== The data ==
════════════════════
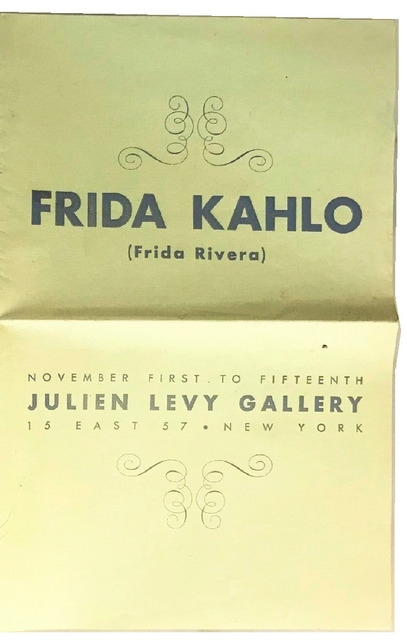Frida Kahlo, ‘"Frida Kahlo (Frida Rivera)", 1938, RARE Exhibition Catalogue, Julien Levy Gallery NYC.’, 1938, VINCE fine arts/ephemera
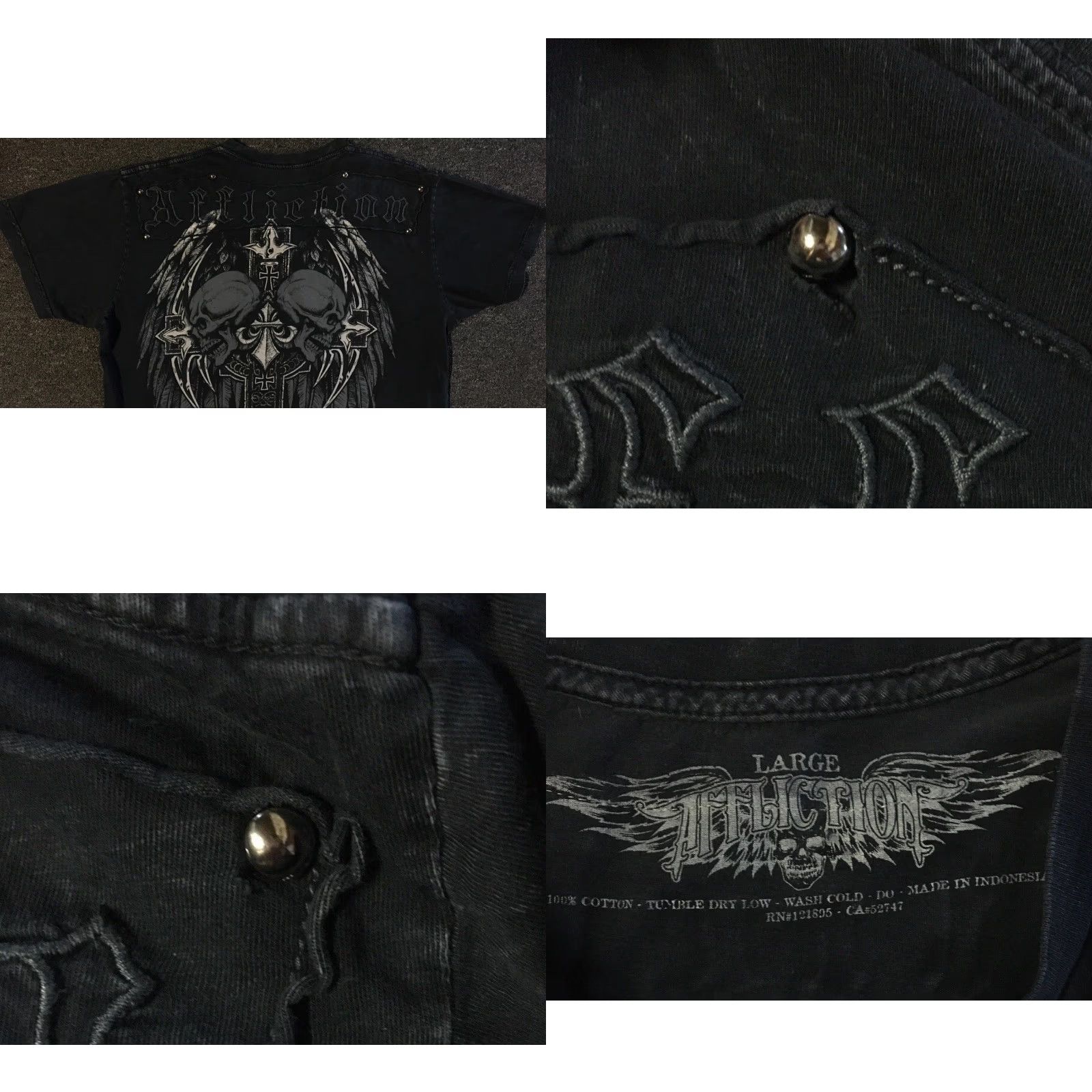 Tapout Vtg Tapout Shirt L Black Skull All Over Print Biker Emo Goth Grunge 80s 90s Harley Punk Rock USA Skate Y2K Cross Studded Men’s T-Shirt Size US L / EU 52-54 / 3 - 8 Thumbnail
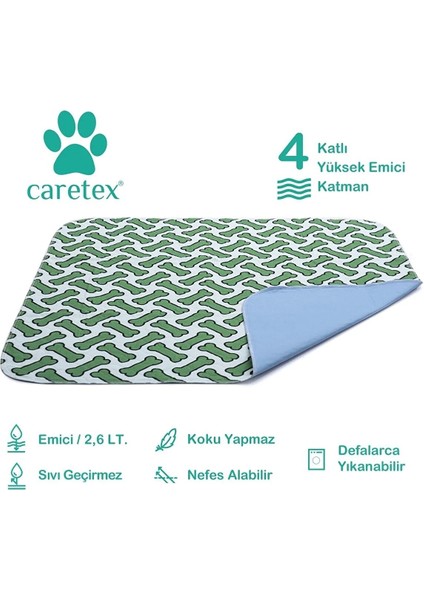 4 Katlı Yıkanabilir Emici Köpek Pedi Kemik Baskılı 100 x 100 cm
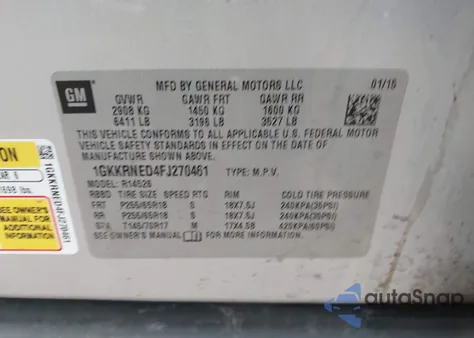 2015 GMC Acadia Sle-1 from USA, damaged, VIN 1GKKRNED4FJ270461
════════════════════
== Brief ==
Would you print the listing above in full, exactly, but with no pictures?

== Your solution ==
Frida Kahlo, ‘"Frida Kahlo (Frida Rivera)", 1938, RARE Exhibition Catalogue, Julien Levy Gallery NYC.’, 1938, VINCE fine arts/ephemera
 Tapout Vtg Tapout Shirt L Black Skull All Over Print Biker Emo Goth Grunge 80s 90s Harley Punk Rock USA Skate Y2K Cross Studded Men’s T-Shirt Size US L / EU 52-54 / 3 - 8 Thumbnail
 4 Katlı Yıkanabilir Emici Köpek Pedi Kemik Baskılı 100 x 100 cm
 2015 GMC Acadia Sle-1 from USA, damaged, VIN 1GKKRNED4FJ270461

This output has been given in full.